_WHAT THE TASK ASKS:_
Reproduce exactly the lines below from the one containing "MACHINE BUILD『機動戰士鋼彈 吉翁軍宇宙移動砲台" through the one containing "1 Sandalan Ct, Bushland Beach QLD 4818", including both, and nothing else.
=====
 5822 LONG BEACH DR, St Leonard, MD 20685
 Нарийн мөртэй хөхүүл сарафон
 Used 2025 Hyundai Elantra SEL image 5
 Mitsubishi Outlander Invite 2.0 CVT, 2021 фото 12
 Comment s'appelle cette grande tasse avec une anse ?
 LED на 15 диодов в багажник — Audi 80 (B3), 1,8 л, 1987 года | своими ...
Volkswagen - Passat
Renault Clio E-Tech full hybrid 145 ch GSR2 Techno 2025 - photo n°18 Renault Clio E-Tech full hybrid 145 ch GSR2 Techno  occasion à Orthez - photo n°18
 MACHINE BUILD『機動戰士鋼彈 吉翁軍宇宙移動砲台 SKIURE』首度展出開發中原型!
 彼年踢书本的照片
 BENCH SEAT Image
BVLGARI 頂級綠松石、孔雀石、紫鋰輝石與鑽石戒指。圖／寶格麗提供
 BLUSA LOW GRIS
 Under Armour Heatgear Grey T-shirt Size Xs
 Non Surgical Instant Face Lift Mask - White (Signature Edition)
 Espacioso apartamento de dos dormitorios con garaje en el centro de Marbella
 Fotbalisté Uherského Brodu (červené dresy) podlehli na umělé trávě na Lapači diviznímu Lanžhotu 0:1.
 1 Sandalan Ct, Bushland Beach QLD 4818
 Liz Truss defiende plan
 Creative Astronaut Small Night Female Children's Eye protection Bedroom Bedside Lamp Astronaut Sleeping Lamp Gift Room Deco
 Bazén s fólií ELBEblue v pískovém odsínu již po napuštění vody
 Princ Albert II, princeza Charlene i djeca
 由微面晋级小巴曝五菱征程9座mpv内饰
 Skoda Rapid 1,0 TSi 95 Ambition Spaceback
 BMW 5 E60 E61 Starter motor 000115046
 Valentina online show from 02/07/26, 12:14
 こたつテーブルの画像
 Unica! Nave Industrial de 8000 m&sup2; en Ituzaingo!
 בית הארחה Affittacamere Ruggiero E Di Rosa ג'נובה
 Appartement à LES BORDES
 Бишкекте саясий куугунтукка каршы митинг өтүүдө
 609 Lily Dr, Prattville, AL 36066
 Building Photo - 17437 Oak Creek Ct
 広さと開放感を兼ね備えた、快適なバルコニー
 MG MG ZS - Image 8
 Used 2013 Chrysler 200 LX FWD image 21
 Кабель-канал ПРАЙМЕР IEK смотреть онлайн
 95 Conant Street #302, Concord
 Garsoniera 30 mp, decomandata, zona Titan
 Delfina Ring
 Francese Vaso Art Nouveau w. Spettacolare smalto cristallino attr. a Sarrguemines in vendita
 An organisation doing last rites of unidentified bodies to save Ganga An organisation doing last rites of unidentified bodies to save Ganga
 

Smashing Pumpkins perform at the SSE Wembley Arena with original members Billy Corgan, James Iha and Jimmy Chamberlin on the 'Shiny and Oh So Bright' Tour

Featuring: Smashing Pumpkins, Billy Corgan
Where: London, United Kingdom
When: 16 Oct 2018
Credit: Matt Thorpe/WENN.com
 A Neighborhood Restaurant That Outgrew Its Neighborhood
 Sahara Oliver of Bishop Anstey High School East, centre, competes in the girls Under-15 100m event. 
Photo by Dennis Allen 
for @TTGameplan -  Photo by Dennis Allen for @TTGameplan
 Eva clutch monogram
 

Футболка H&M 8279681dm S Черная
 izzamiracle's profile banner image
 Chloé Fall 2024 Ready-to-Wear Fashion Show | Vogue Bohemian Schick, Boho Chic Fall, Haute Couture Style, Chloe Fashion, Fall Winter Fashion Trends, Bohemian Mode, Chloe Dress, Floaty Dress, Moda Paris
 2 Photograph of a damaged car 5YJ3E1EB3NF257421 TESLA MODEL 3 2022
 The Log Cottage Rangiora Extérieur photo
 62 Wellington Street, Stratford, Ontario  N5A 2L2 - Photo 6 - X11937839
=====
_RESPONSE AREA:_
 MACHINE BUILD『機動戰士鋼彈 吉翁軍宇宙移動砲台 SKIURE』首度展出開發中原型!
 彼年踢书本的照片
 BENCH SEAT Image
BVLGARI 頂級綠松石、孔雀石、紫鋰輝石與鑽石戒指。圖／寶格麗提供
 BLUSA LOW GRIS
 Under Armour Heatgear Grey T-shirt Size Xs
 Non Surgical Instant Face Lift Mask - White (Signature Edition)
 Espacioso apartamento de dos dormitorios con garaje en el centro de Marbella
 Fotbalisté Uherského Brodu (červené dresy) podlehli na umělé trávě na Lapači diviznímu Lanžhotu 0:1.
 1 Sandalan Ct, Bushland Beach QLD 4818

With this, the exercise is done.